La Iglesia católica, tanto en Austria como en Alemania, estuvo utilizando el lenguaje antisemita hasta el período de entreguerras y no hubo una condena oficial tajante de algunas actuaciones y discursos de sus sacerdotes. Por ejemplo, uno de estos prelados, el predicador Josef Deckert, popularmente conocido como el cura del mesón”, fue un paso más allá: “Hay que hacer a los judíos inofensivos para los pueblos cristianos”. Llevado por el mismo pensamiento, otro hombre “piadoso” del momento, el padre jesuita Heinrich Abel, tenía la “segura convicción de que la desgracia del pueblo austriaco consiste en su esclavización por los judíos y por el espíritu judío”. Dicho prelado, para dejar bien claras sus intenciones, aseguraba tener una reliquia muy valiosa: un bastón con el que su padre había apaleado a un judío en las calles de Viena.

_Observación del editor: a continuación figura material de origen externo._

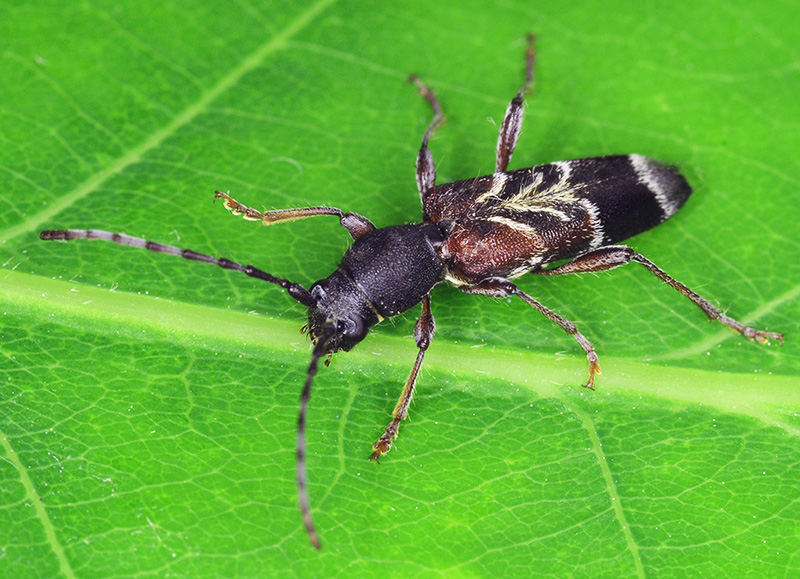 Anaglyptus simplicicornis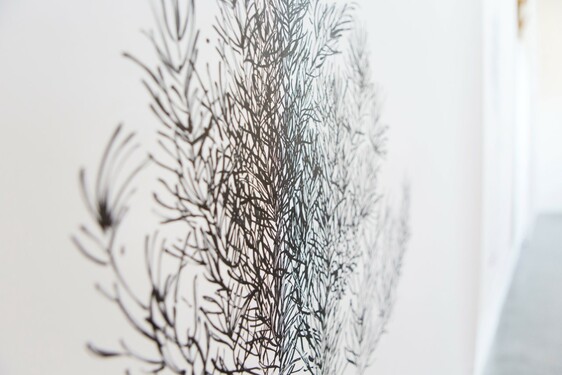 MENTOR SAM BARON WORK IMAGES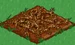 Watermelon withered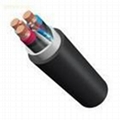 PVC Insulated Power Cable for Rated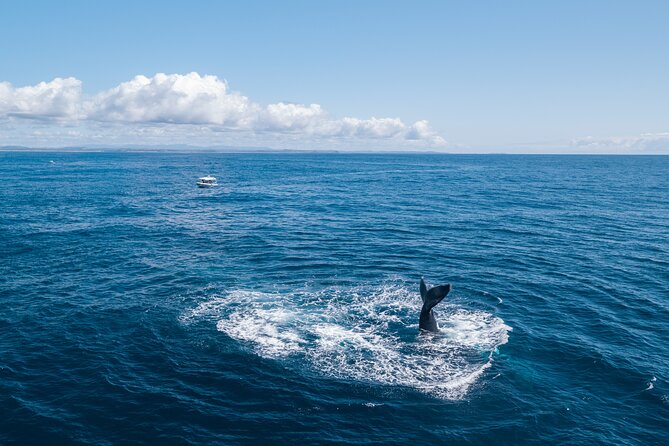 Premier Whale Watching Byron Bay - The guides make the difference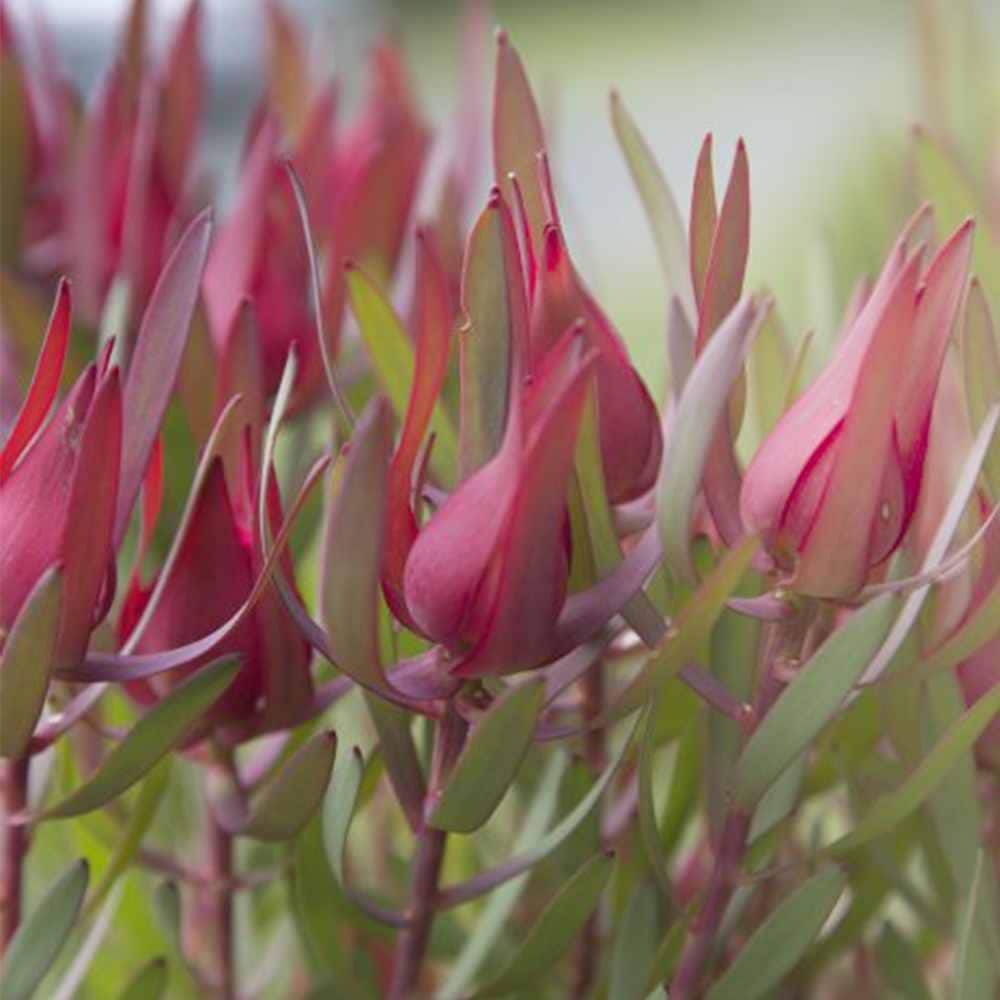 リューカデンドロン・ジョリージョーカー 【庭木 7号鉢大苗 花木苗／1個売り】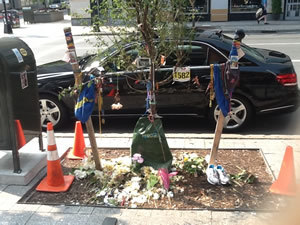 boston001
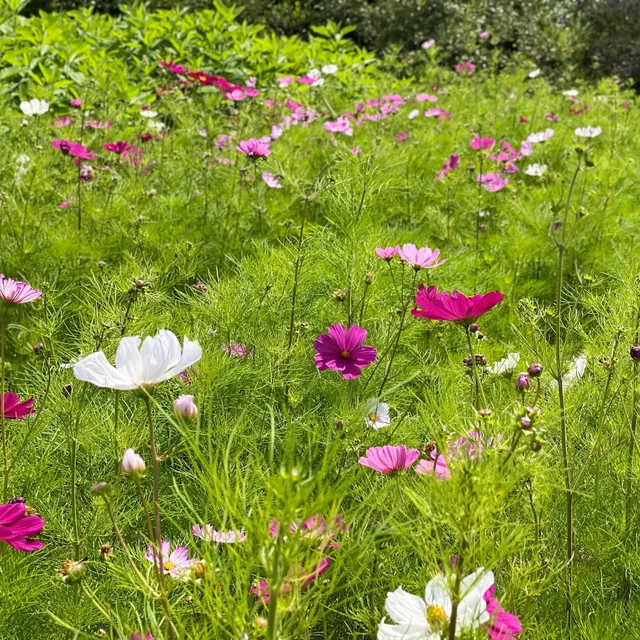 ferme-de-sainte-marthe-cosmos-sensation-graines-fleurs-bio-vari image 1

Este antisemitismo tolerado e incluso jaleado por la sociedad del Imperio Austro-Húngaro, llevó al cardenal de Praga, Franz Graf Schöbon, a pedir al papa León XIII que suspendiera el apoyo vaticano a los grupos derechistas y socialcristianos de Austria y “su antisemitismo en su forma más repugnante”. El Santo Padre, que tenía sobre su escritorio un retrato del máximo líder antisemita del momento, Karl Lueger, quien aseguraba decir “que tenía en el Papa un cálido amigo, que le enviaba su bendición”. El populacho de Viena, siempre tan creyente y atento a los consejos de sus padres espirituales, había visto como su antisemitismo secular era bendecido y sancionado ex cátedra.
Este pensamiento, extendido también en la vecina Alemania, ilustra muy bien el ambiente en que se educó ese austriaco universal llamado Adolfo Hitler, y vería su materialización política en el Partido Socialcristiano de Austria, que llamaría a la población germanoaustriaca a “la más encarnizada defensa contra el peligro judío”. En este ambiente, alentado desde las más altas instituciones, encontró el nacionalsocialismo el caldo de cultivo para que sus ideas avanzasen y se consolidasen como discurso de Estado en un futuro no muy lejano.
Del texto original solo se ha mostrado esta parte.